18 Şubat 2012 Cumartesi

Dubrovnik

İlk  önce  şunu  söylemeliyim.  Otel  çok  rahat  ve şık  bir  otel.  Belki  biraz  yorgunluktan  birazda  rahatlık,  deliksiz  bir  uyku  çektim  diyebilirim.  Sabah  biraz  erkende  uyanınca  ver  elini  Budva  sokakları.
Kaldığımız  otel,  merkezin  biraz  dışında  kalıyor.  Bende  hemen  eşofmanlarımı  giyip,  şehir  merkezine kadar  yürüyüşe  çıktım.  O  kadar  iyi  geldiki  anlatamam.  Hem  yürüyüş  hem  de  hiç  bilmediğiniz  bir  yaşama  dahil  olmak  bana  çok  büyük  keyif  verdi.
Grupla  kahvaltımızın  ardından,  çok  merak  ettiğim  Dubrovnik  yollarına  düşüyoruz.  Düşüyoruzda  gidene  kadar  geçtiğimiz  yollar,  manzaralar  inanılmaz  ve  anlatılmaz.  bu  deneyimden  sonra  Dubrovnik  gezisi  için  kesinlikle  karayolu  diyorum.  Uzunca  bir  yol  olmasına  rağmen,  gözümüzü  kapatamadık.  Aman  birşey  kaçırmayalım  diye. Diyorum  ya,  araları  otobüsle  gitmek  şart.  Vip  Turizmden  bize  eşlik  eden  rehberimiz  bize  çok  yardımcı  oldu.  Grupta  kalabalık  tabii.
Manzaraydı,  molaydı  derken  en  sonunda  Dubrovnik'e  vardık.  Otele  yerleşme  ve  biraz  dinlenme  ver  elini  sokaklar.  bu  arada  otelimiz  şehir  merkezinde  olsun  istedik.  Çünkü  üç  gün  burda  kalıcaz  ve  sokak  sokak  gezelim  diye  düşündük.  çok  da  iyi  yapmışız.
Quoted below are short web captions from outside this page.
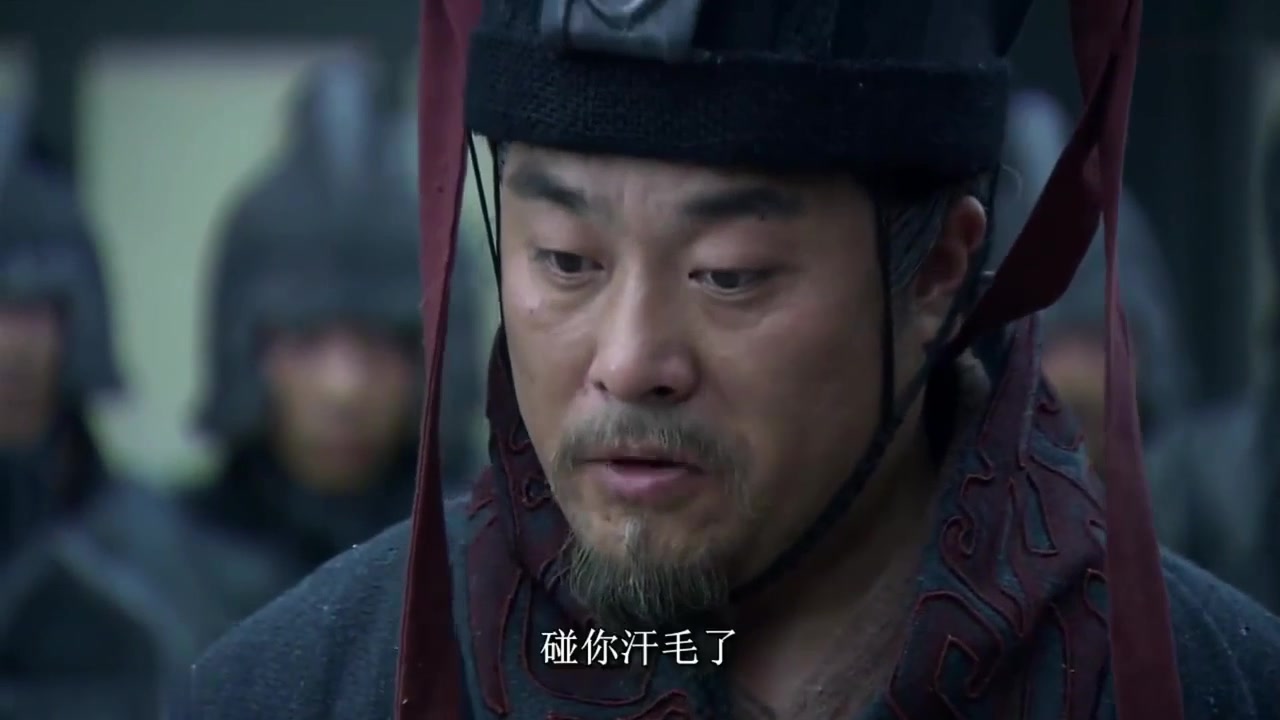 许褚:怎么会有人有这么贱的要求,头伸过来让我砍呢!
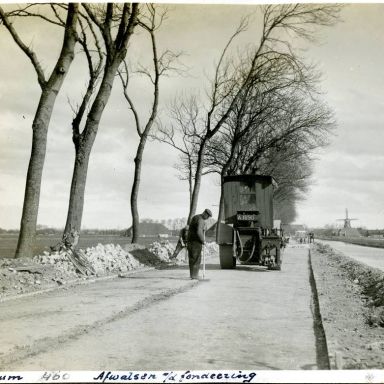 Kenteken: A 1890; Wegaanleg Bedum 16-03-1925. Foto uit fotoalbum Prov. Waterstaat (2544-3226)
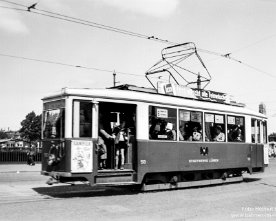 lu016 Aufbau-Tw 50 (Linie 6 nach Bad Schwartau) am Hbf vor der Bahnhofsbrücke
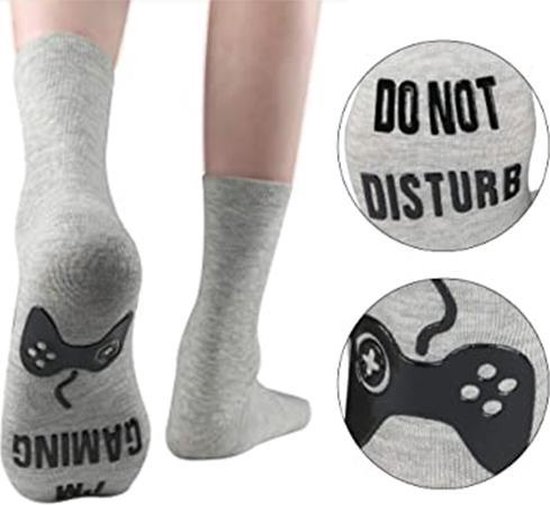 Grappige Sokken Gaming - Grijs - Anti Slip - Do not Disturb - One Size - Cadeau Mannen - Huissokken - Housewarming - Verjaardag - Kerstcadeau man - Kerst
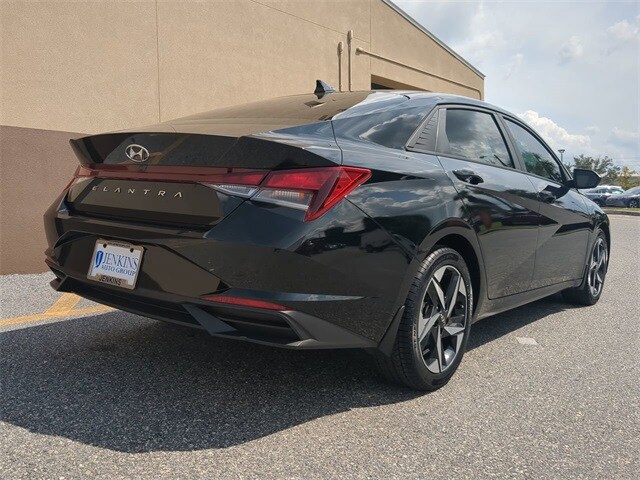 2023 Hyundai Elantra SEL photo 4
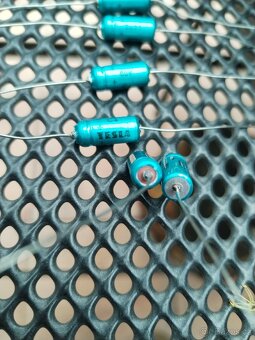 Kondenzátory TESLA - 4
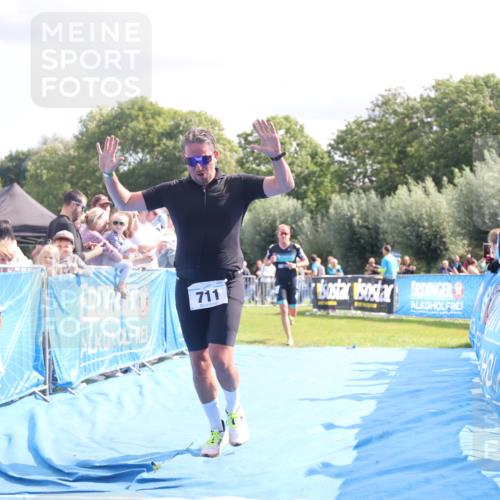25.08.2024 - Elbe Triathlon Hamburg H.Heesch http://msf.ph/oto/6885471 25.08.2024 11:31:37 Ziel 366, 711, 736, 761, 784 meine-sportfotos.de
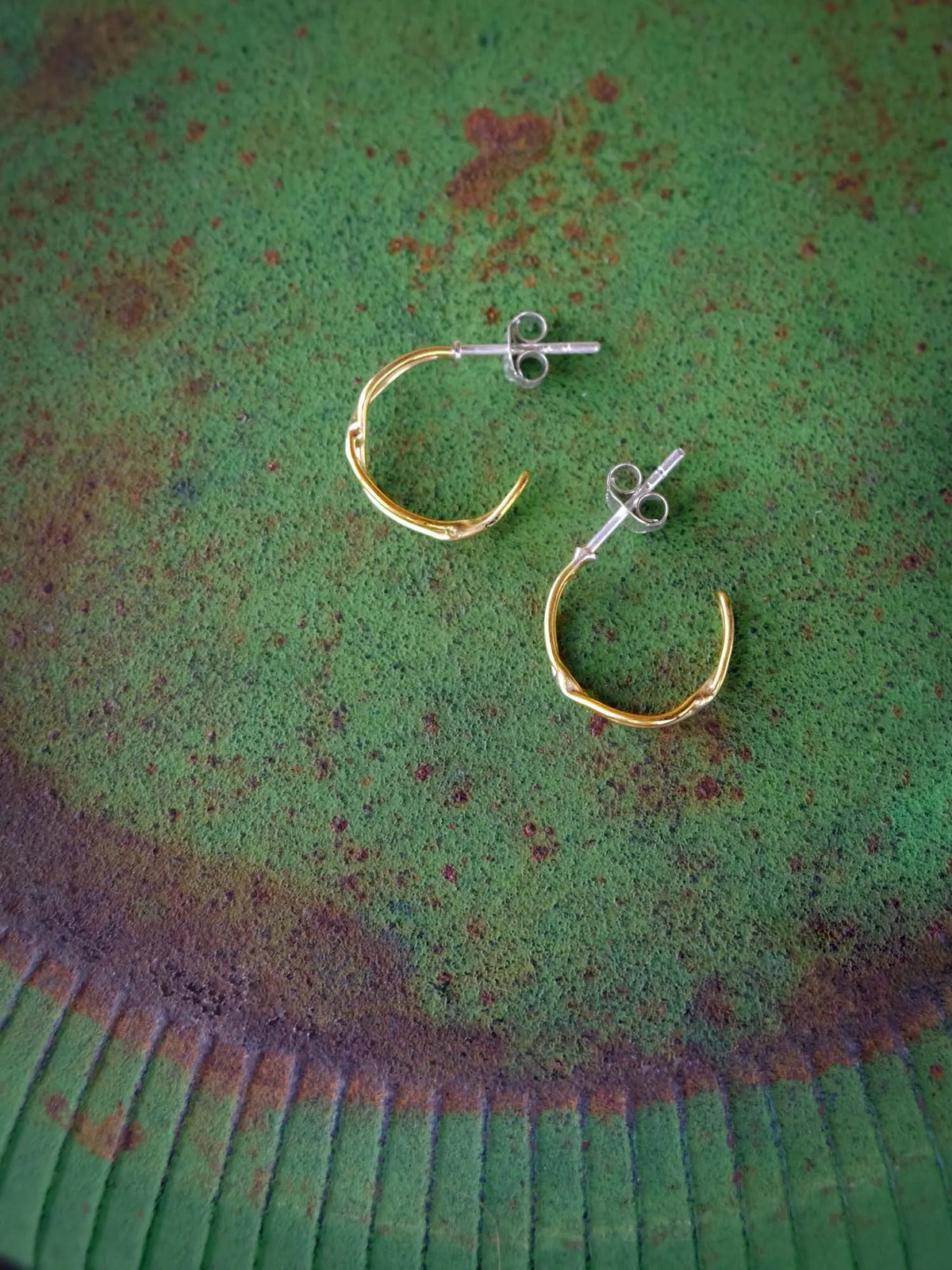 Crossover Small Hoops in Brass Yin Jewelry for the Soul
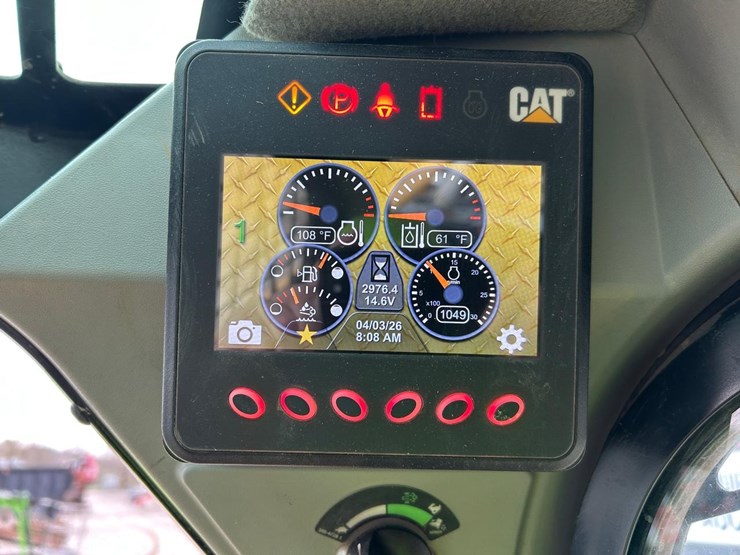 2021-caterpillar-299d3-image-22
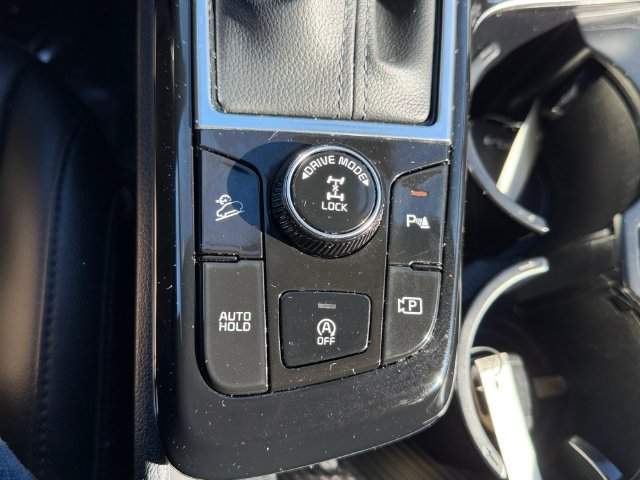 Used 2025 White Kia X-Line image 24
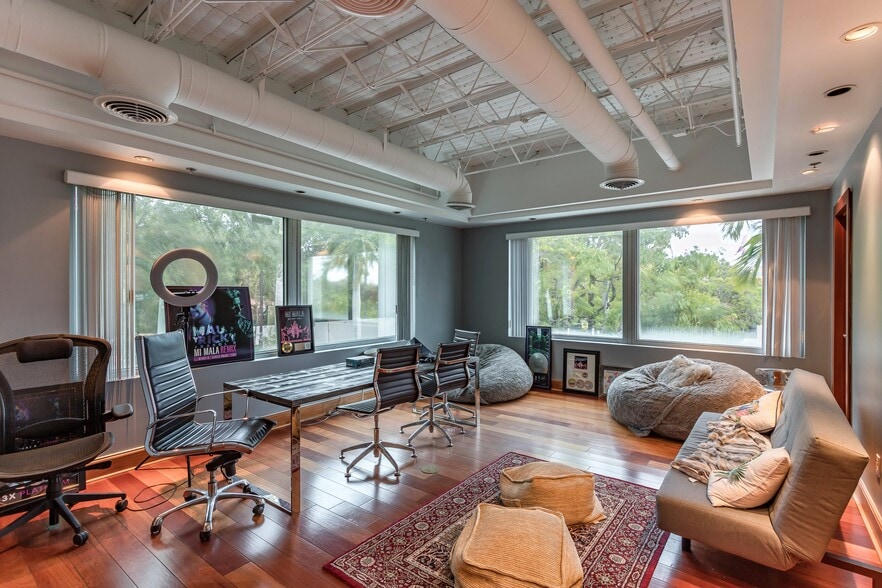 More Photos Of 5020 Biscayne Blvd, Miami Movie Radio TVStudio For Sale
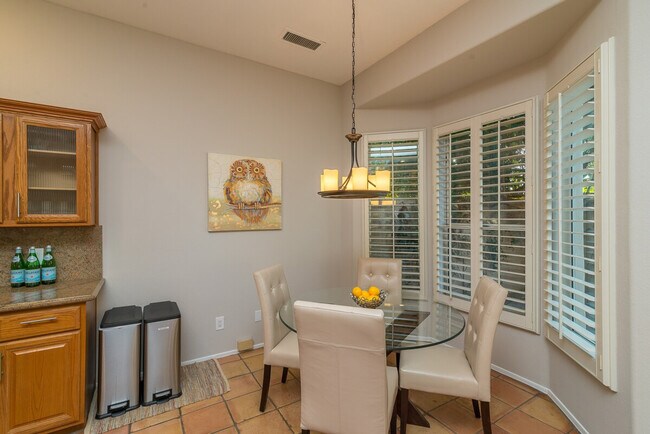 Building Photo - 9315 E Aster Dr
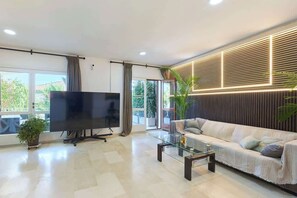 TV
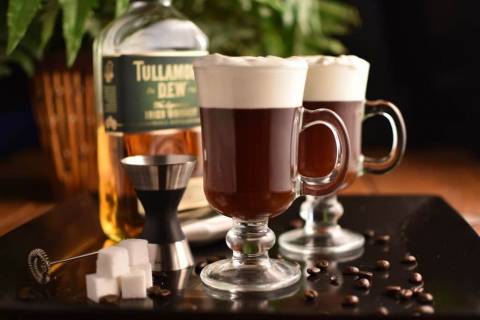 4 drinks quentes para aproveitar no inverno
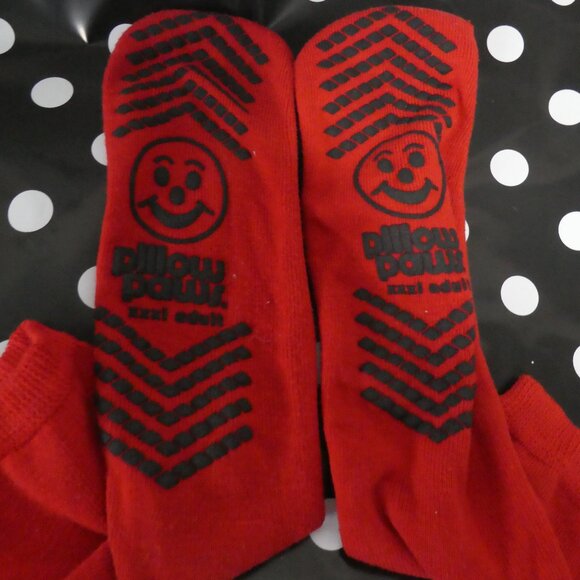 PILLOW PAWS | xxxl - adult | Red Slip Resistant Bariatric Socks - Picture 3 of 11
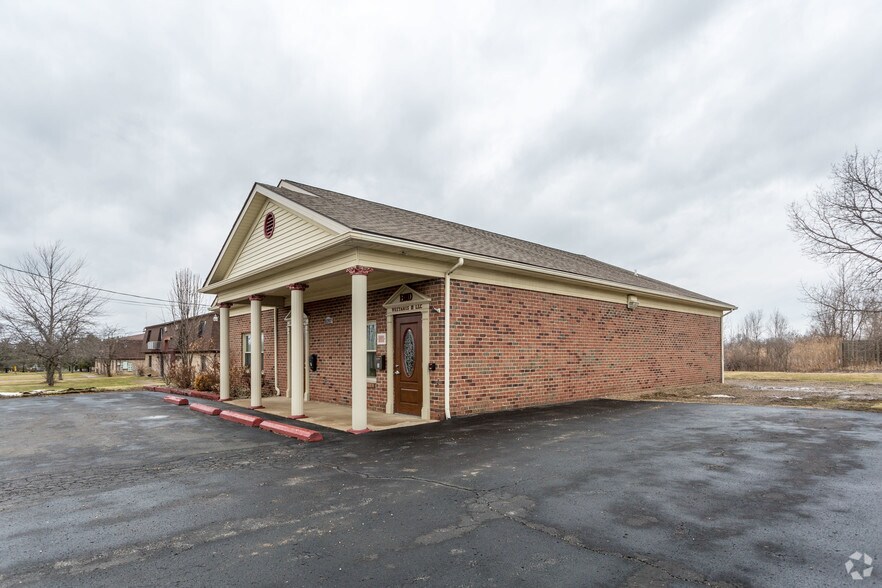 More Photos Of 8397 Raglan Dr NE, Warren Office For Sale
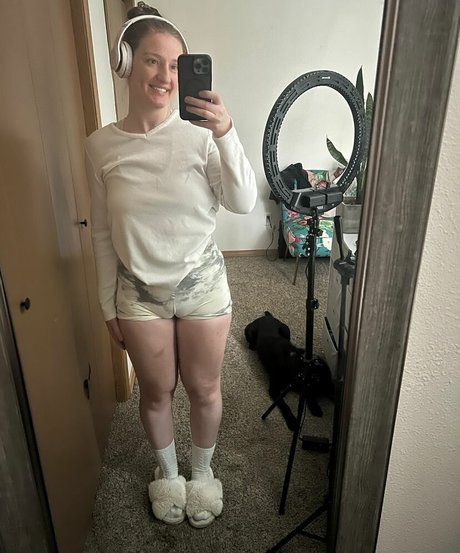 Alasti lekkinud OnlyFans-i pilt Adorablelilli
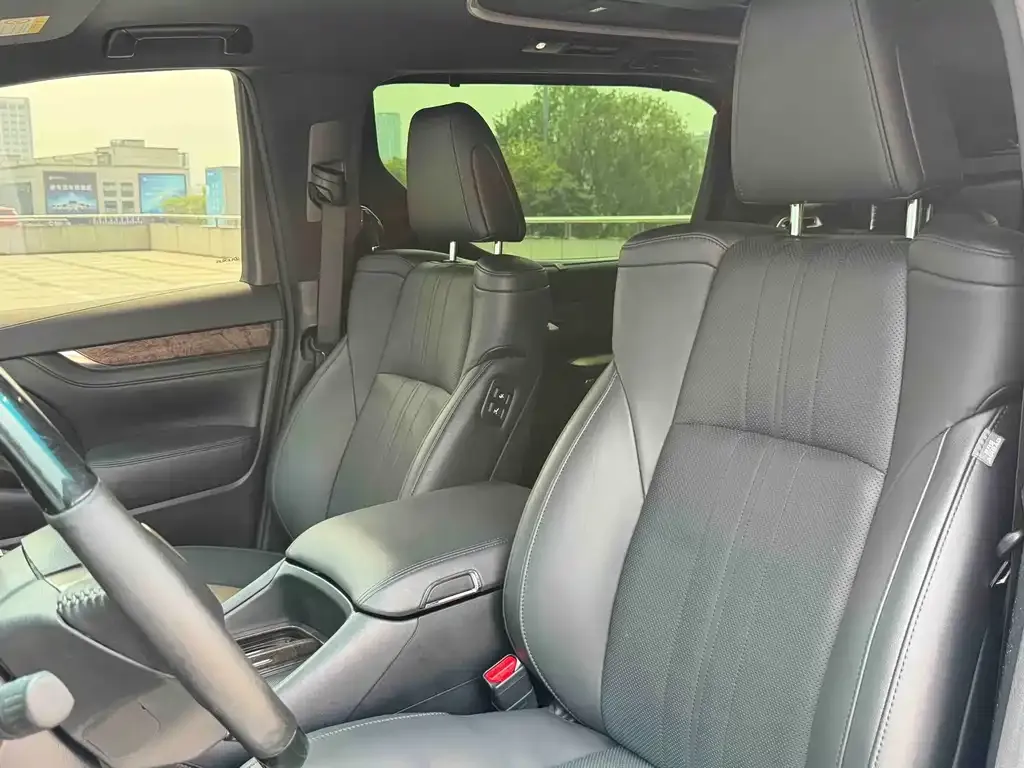 Toyota Vellfire — фото 6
Dubrovnik  çok  şirin  bir  o  kadar  da  ilginç  bir  yer.  Daha  önce  bu  tarz  bir yerde  böyle  üç  gün  boyunca  kalma  imkanım  olmamıştı.  Bana  hoş  geldi.  Hatta  daha  uzun  süre  bile  kalabilirim  dedim kendi  kendime.  Size  nasıl  anlatayım  bilemedim.  Burası  küçük  bir  sahil  kasabası.  Şehrin  merkezi  surların  içinde  ve  deniz  kenarında.  Hayal  edemiyor  insan.  Denizin  dibine  kadar  gelen  surlar.  Ama  dedim  ya  çok  ilginç.  Sur  içi,  daracık  sokaklar,  bu  sokaklarda  dip  dibe  ufak  ufak  dukkanlar,  bu  dukkanlarda  birbirinden  şık  ve  çarpıcı  objeler.  Sizin  anlayacağınız,  vaktin  nasıl  geçtiğini  anlayamıyorsunuz.